Touchée par cet abandon et cette indifférence, l'auteure va jusqu'à personnifier cet immeuble qui, «dans sa solitude flagrante», lui apparaît «déchirant et majestueux» : «Je ressentais pour l'immeuble une affection personnifiée», «je le transposais dans un combat solitaire, usant de ses dernières forces pour ne pas vaciller».
Et sa dégradation va profondément l'affecter : «Comme une chair en train de pourrir, son dépouillement se faisait sous nos yeux, car les gens le vandalisaient, le dépeçaient». Jusqu'à ce que, suite aux opérations de désamiantage, il n'en reste plus qu'un «squelette».
Photo de Olivier Crouzel
Le Signal trouve également grâce à ses yeux car il prend merveilleusement la lumière du couchant et se fait le reflet du paysage environnant : «Il fallait le voir dans sa belle lumière du soir quand la mer se retirait au loin et qu'on le regardait depuis l'eau. L'équilibre de sa forme radicale, le soleil qui brillait dans ses vitres, cette couleur beige qui éclatait – on peut dire de mille feux, il avait l'air en or. »
Un immeuble qui, les jours de brouillard, disparaît «dans une opacité blanche» comme «effacé du paysage», image tragique de notre destin.
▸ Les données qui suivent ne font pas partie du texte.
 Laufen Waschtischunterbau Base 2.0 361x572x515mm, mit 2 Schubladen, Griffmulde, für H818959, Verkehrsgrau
Qui, ouvert à tous vents au fil des vandalisations et des travaux de «désossement», invente un «paysage nouveau de la mer en transparence, presque en symbiose.»
Mais c'est surtout la vue de l'intérieur qui fascine l'auteure dans une sorte de «contemplation intranquille», de contemplation hypnotique à dimension quasi métaphysique : «La seule chose qui m'intéressait, c'était la vue, voir l'océan depuis l'intérieur» car «quand nous entrons dans un appartement, nous plongeons aussi dans ce paysage, son mouvement et son bruit».
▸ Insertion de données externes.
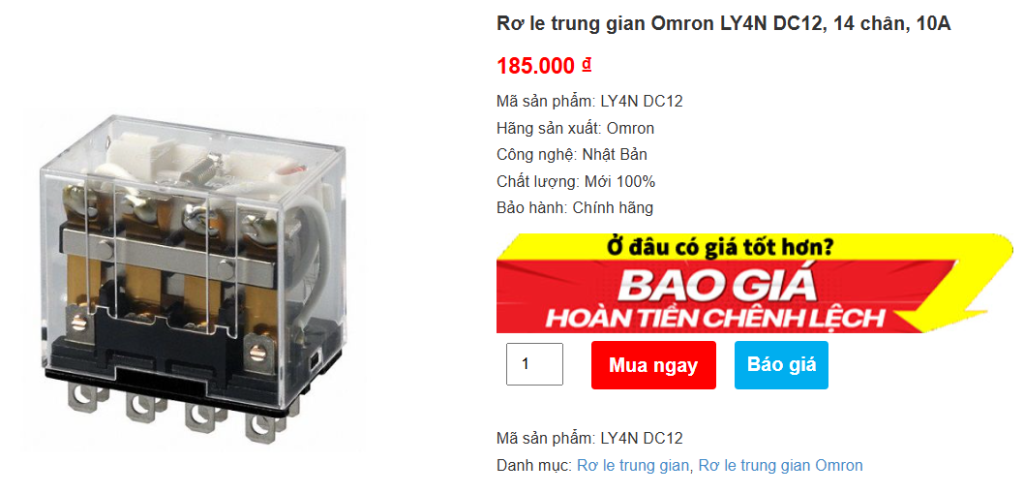 Rơ le trung gian Omron LY4N DC12, 14 chân, 10A.PNG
«A chaque fenêtre, la vue dans la mer, donnant en fonction du dessin de la brisure dans la vitre une forme géométrique singulière, comme un mandala aigu et coupant, les vagues derrière, l'immensité verte.»
Entrer dans le paysage et s'enfoncer dans le mystère du monde.
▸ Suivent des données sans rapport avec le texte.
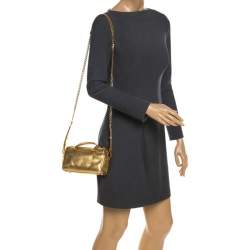 Pre Owned Saint Laurent Paris Metallic Gold Leather Classic Duffel Bag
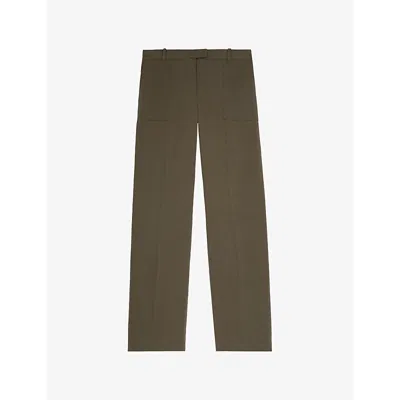 The Kooples Womens Kaki Patch-pocket Mid-rise Cotton Trousers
Julie Rasplus / FranceTV Info
Avant que les derniers travaux ne le réduisent au béton nu, chaque appartement, tant dans son décor que dans les objets hétéroclites abandonnés dans la précipitation et le déchirement du départ, portait la marque de la singularité de ses propriétaires : «se succédaient ainsi des décors et des histoires».
Le Signal, témoigne ainsi de ces vies heureuses de vacanciers dont il est encore imprégné tout en apparaissant comme une sorte de musée d'une époque disparue. Et l'immeuble renvoie avec émotion l'auteure à ses souvenirs, se faisant mémoire de son propre passé. Semblant commander à son imaginaire, il lui fait inventer inlassablement des histoires qu'elle met notamment en scène dans les appartements qui l'ont le plus frappée. Le Signal est en effet «romanesque» et l'auteure le peuple «d'amis imaginaires, donnant naissance à des chapitres».
Sophie Poirier mêle ainsi des vies et des histoires qui se perdent «dans la ligne du temps infini» et le Signal, contrairement au rêve qui l'a porté, se mue en symbole du dépérissement de toute chose et de la fragilité de nos existences, nous alertant comme une sorte de "memento mori" et venant alors pleinement justifier son nom.
Sophie Poirier, Le Signal, Inculte, Février 2022, 140 p.
Sophie Poirier est née en 1970 et habite Bordeaux. Elle a animé des ateliers d'écriture et écrits des chroniques pour plusieurs supports culturels. Elle collabore avec de nombreux artistes et publie des livres très divers.